Euler, Erdős

Random addendum

By Jean Pierre Mutanguha

Published: Mon 01 May 2017 Modified: Mon 01 May 2017

tags: Dynamics Group Theory

After writing the previous post, I came across several related things that I thought I'd like to share. This serves as an appendix of sorts. The first is an answer to the question I posed at the end of that post:

Is there a situation where we know that random objects have a given property but we still have no example of an object with said property?

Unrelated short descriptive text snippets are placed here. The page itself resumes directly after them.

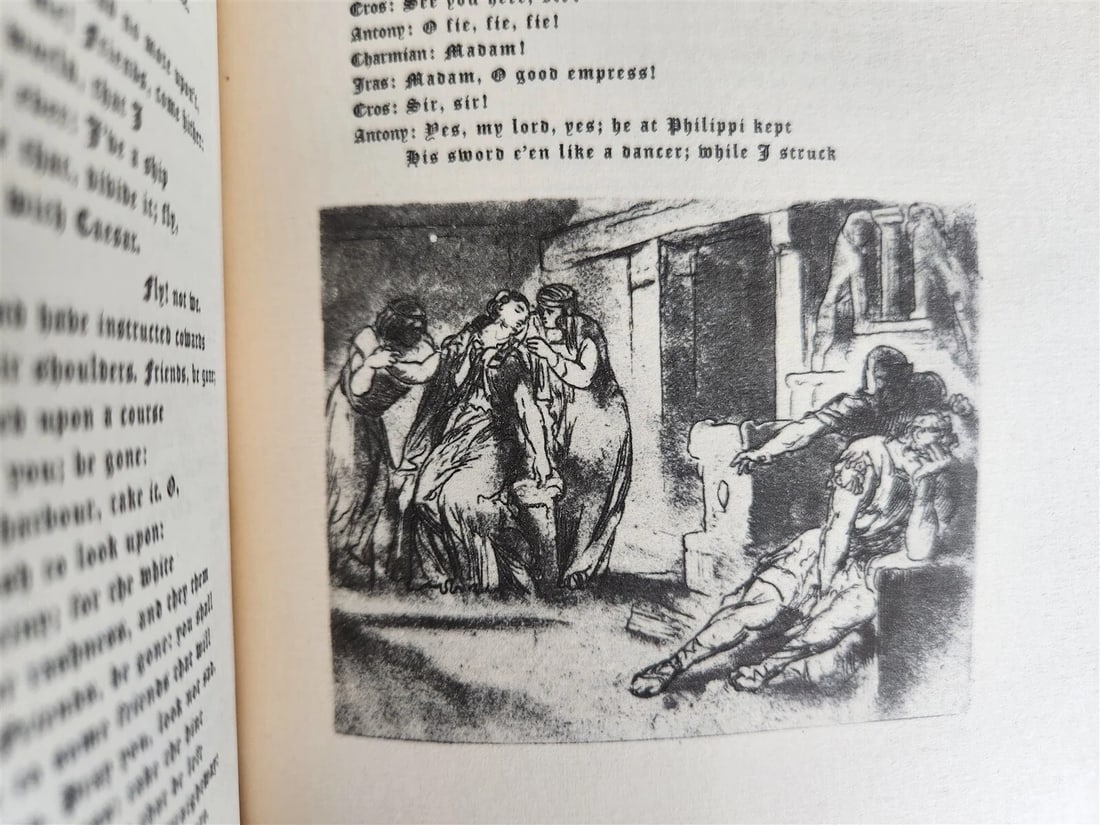 1925 ANTHONY & CLEOPATRA by WILLIAM SHAKESPEARE antique ILLUSTRATED - 16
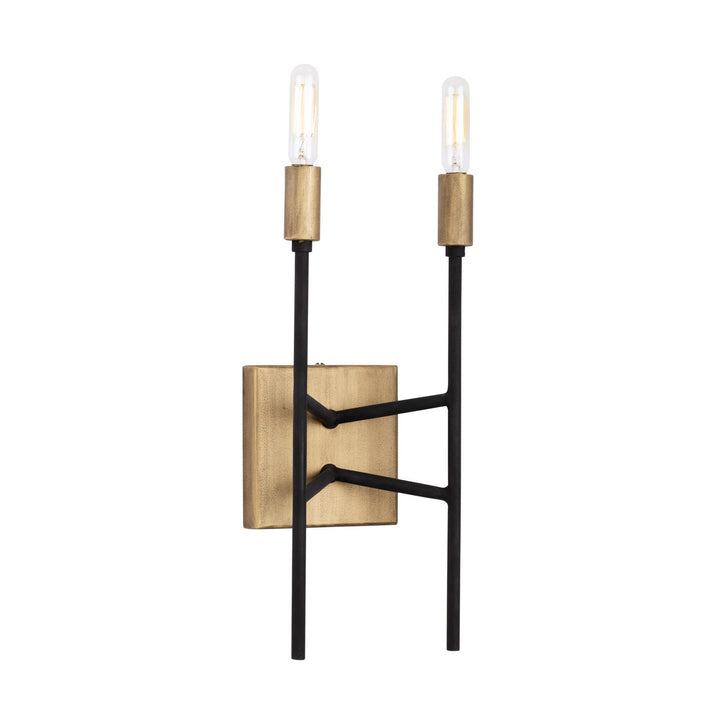 Varaluz Bodie 314W02HGCB Wall Sconce Light - Havana Gold/Carbon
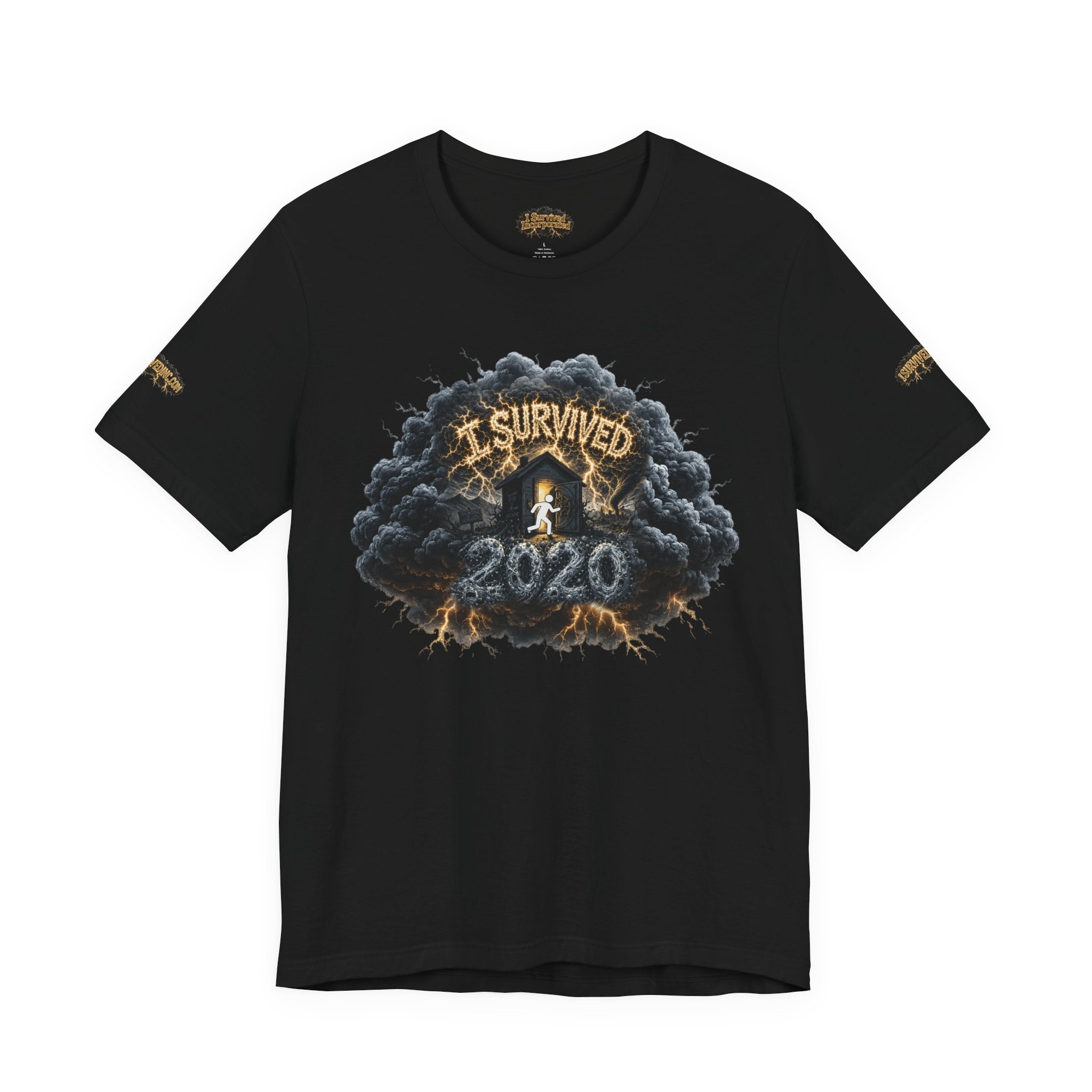 I Survived 2020 — Director's Cut Original Design Teaser Tee | Season 1 Premiere Drop Unisex Jersey Short Sleeve Tee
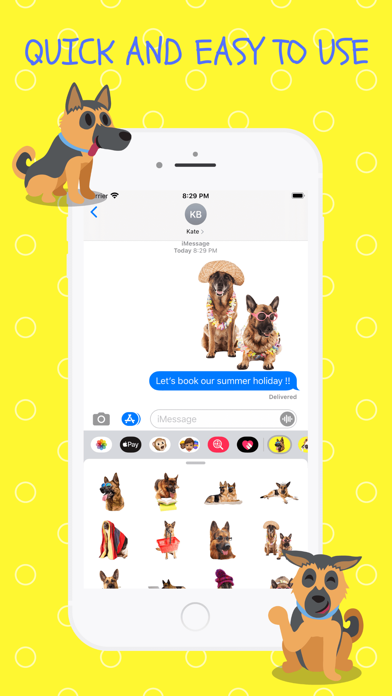 How to cancel & delete German Shepherd GSD GSemoji from iphone & ipad 3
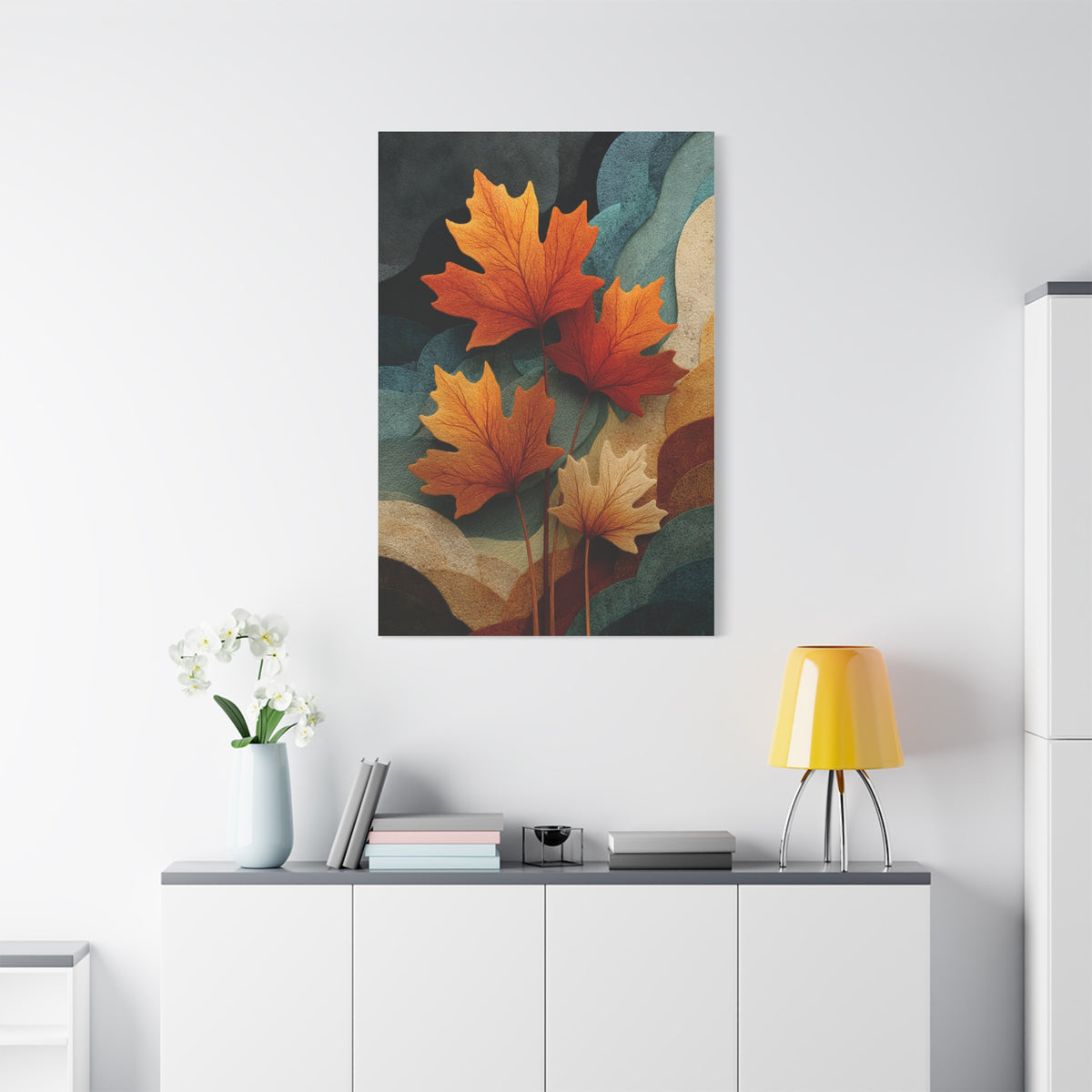 Abstract Autumn Maple Leaves Wall Art & Canvas Print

Like I said before, for properties like being trascendental, it is easy to use a counting argument to show that there are uncountable transcendental numbers but proving that a particular number is transcendental is rather involved. It has been done however. So I was asking for a property shared by almost all numbers but for which we have no explicit example.

About a week after asking the question I got an answer from an unexpected place. PBS Infinite Series did a video on exchanging the digits of \( \pi \) and \( e \). Around the 8:30 mark, she discusses normal numbers and being normal is precisely the kind of property I was looking for!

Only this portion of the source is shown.